Given material:
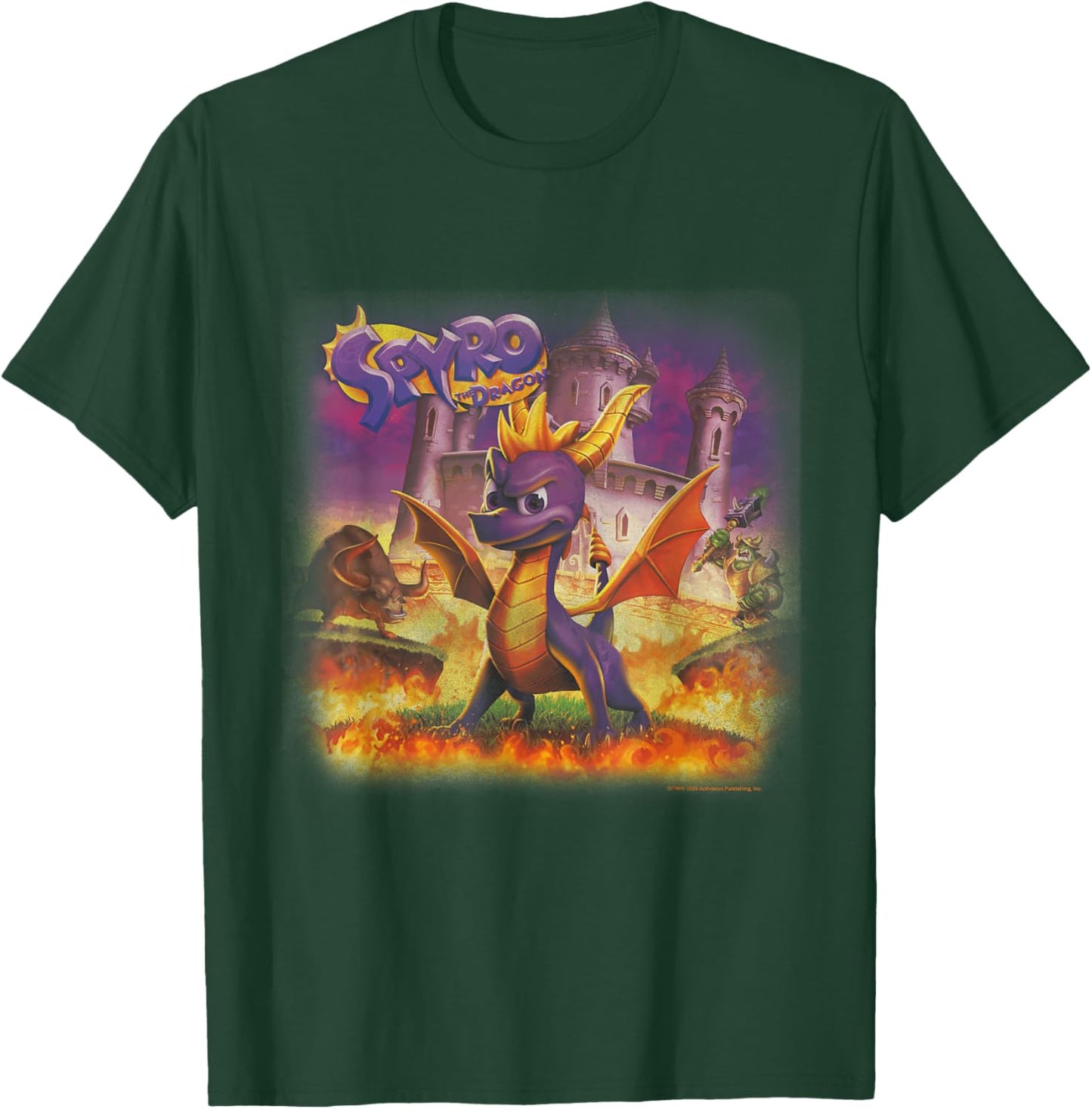 Classic Cover Art Colorful Dragon Retro Video Game T-Shirt - T-Shirt | Forest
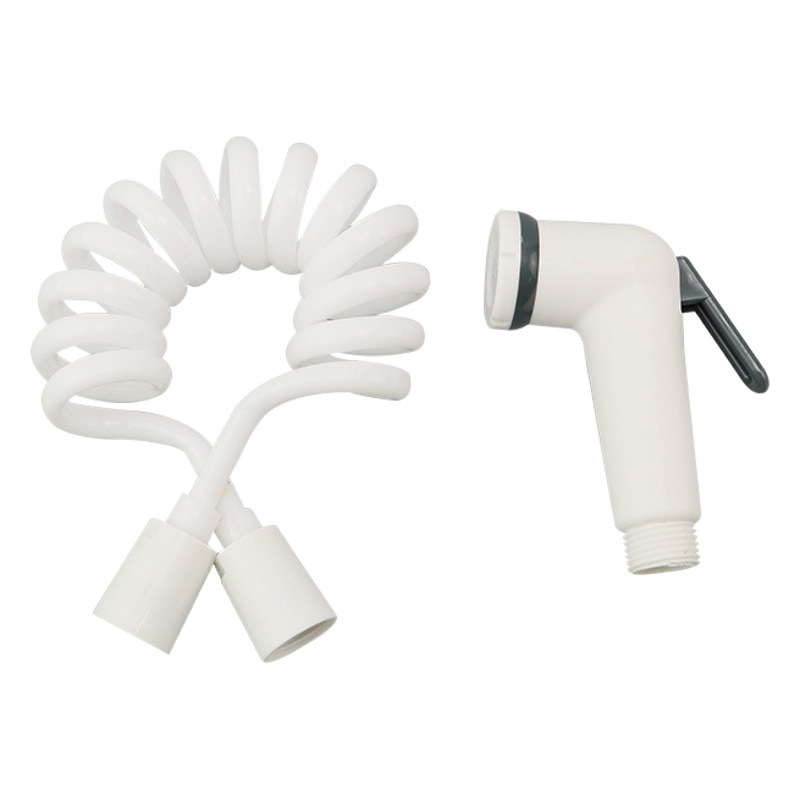 Cross-border Toilet Spray Gun suit One-in-Two-out Toilet Balcony Wash Flusher Small Spray Gun Toilet Companion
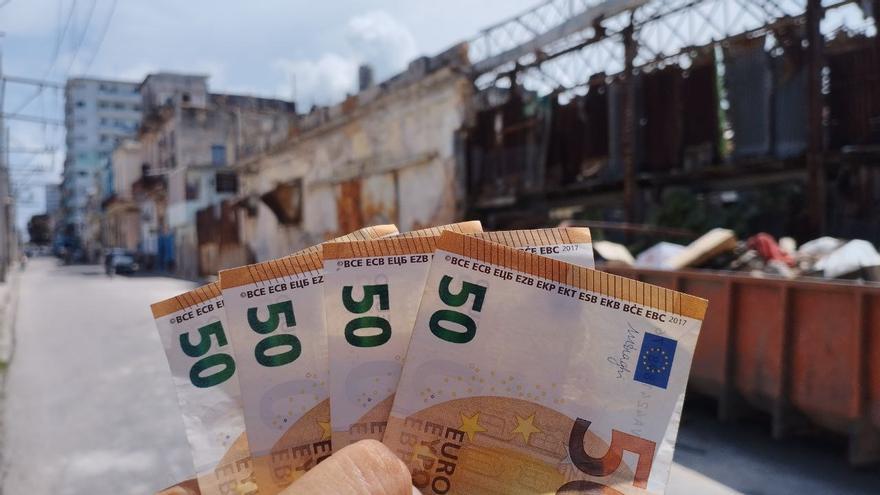 La cotización del euro en Cuba contrasta con la cotización internacional de la moneda europea, que ha caído en los últimos meses frente al dólar. (14ymedio)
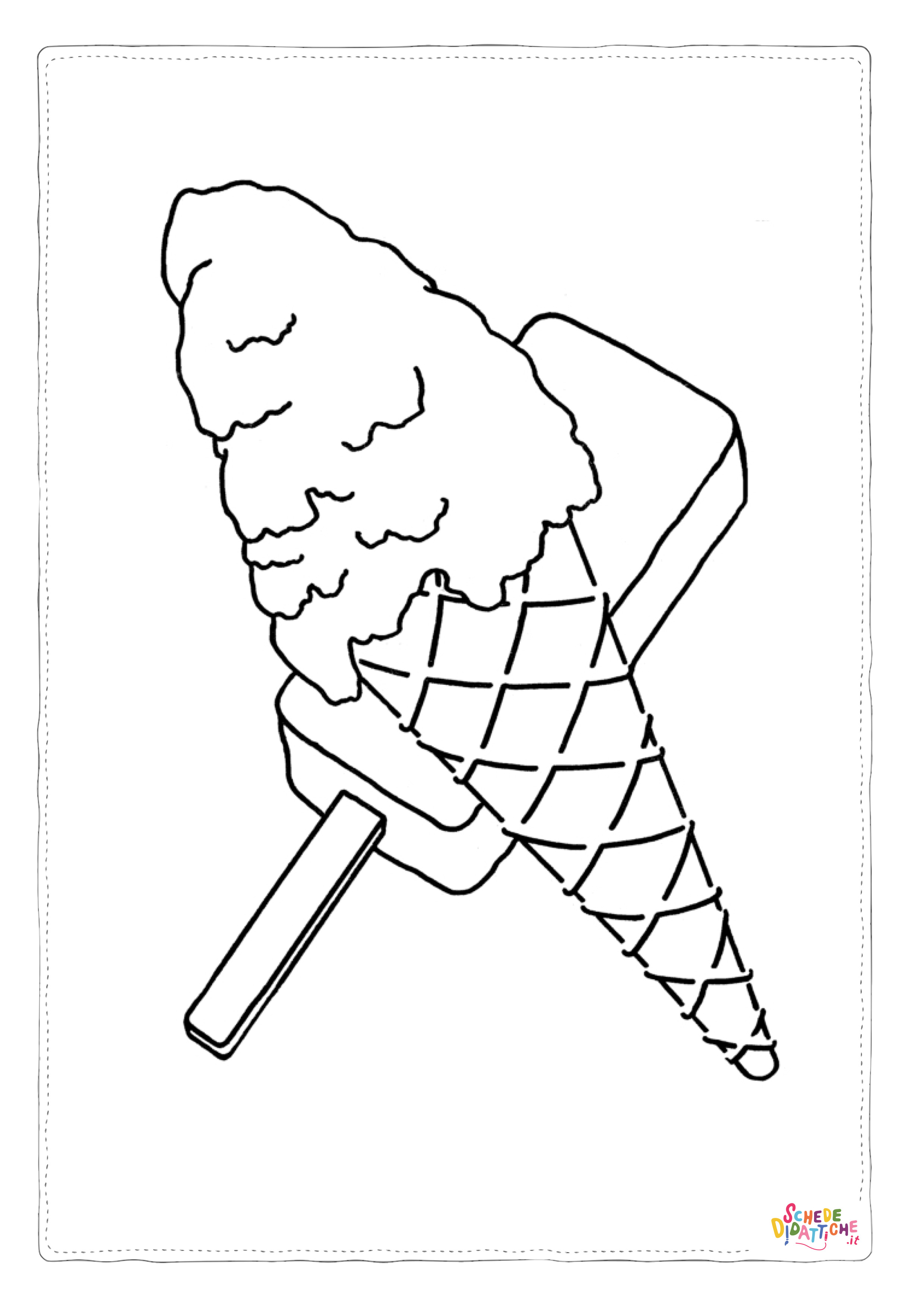 Disegno di gelato da stampare e colorare 1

Task directions:
Transcribe the whole listing exactly as it stands, apart from the pictures.

Solved exercise:
 Classic Cover Art Colorful Dragon Retro Video Game T-Shirt - T-Shirt | Forest
 Cross-border Toilet Spray Gun suit One-in-Two-out Toilet Balcony Wash Flusher Small Spray Gun Toilet Companion
 La cotización del euro en Cuba contrasta con la cotización internacional de la moneda europea, que ha caído en los últimos meses frente al dólar. (14ymedio)
 Disegno di gelato da stampare e colorare 1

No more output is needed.